Internal hernias are rare, accounting for <1% of all instances of intestinal obstruction and leading to only 0.5–4.1% of cases of acute intestinal obstruction caused by hernias [1]. They typically involve the small bowel herniating through a peritoneal or mesenteric aperture within the peritoneal cavity [1]. The hernial orifice is commonly an anatomic structure or pathological defect of congenital or acquired origin related to defective approximation of peritoneal flaps during embryogenesis or surgically created spaces [1, 2].
Internal hernias are generally classified into six main groups: paraduodenal, tranmesenteric, pericecal, supravesical, intersigmoid, foramen of Winslow, and omental hernias [1]. To our knowledge, there are no other reports in the literature of a hernia arising from a retroperitoneal defect resulting in the incarceration of small bowel in Morison’s pouch. Other unusual sites include the inferior ileocecal recess [3], falciform ligament [4] and descriptions of a potential space for herniation between the fourth portion of the duodenum and abdominal aorta [5]. The origin of this patient’s hernia remains unclear; however, the possibility of a preexisting congenital anomaly of the retroperitoneal space just above the superior pole of the right kidney would have to be considered.

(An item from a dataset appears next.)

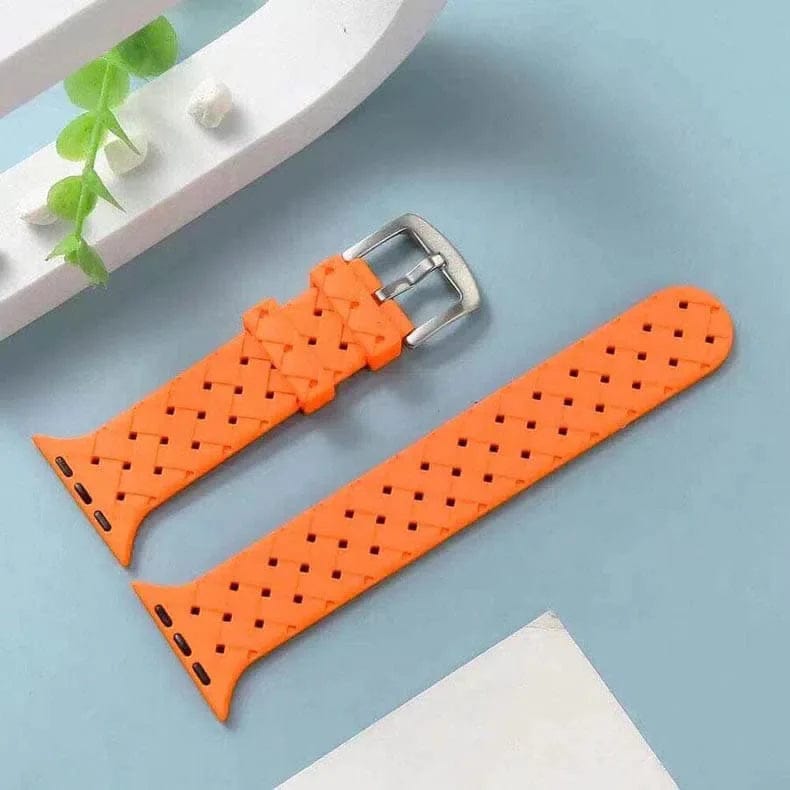 Braided Weave Breathable Soft Silicone Band for Apple Watch Watch Bands 42mm | 44mm | 45mm | Ultra 49mm / Orange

The diagnosis of an internal hernia can be challenging because the symptoms are often intermittent and nonspecific [6]. Small and easily reducible hernias may not produce clinical symptoms while other patients may experience intermittent periods of pain [1]. Radiological studies are most likely to diagnose an internal hernia if they are performed while the patient has symptoms [1]. Contrast studies and CT examinations may identify an abnormal location or disturbed arrangement of the small intestine, the presence of several bowel loops within a hernial sac, or bowel dilatation and stasis within the herniated loops [1]. Studies performed once the hernia has spontaneously reduced are often negative and may result in the patient being mislabeled as psychoneurotic [1]. More commonly, internal hernias are diagnosed during a laparotomy performed for acute intestinal obstruction [1].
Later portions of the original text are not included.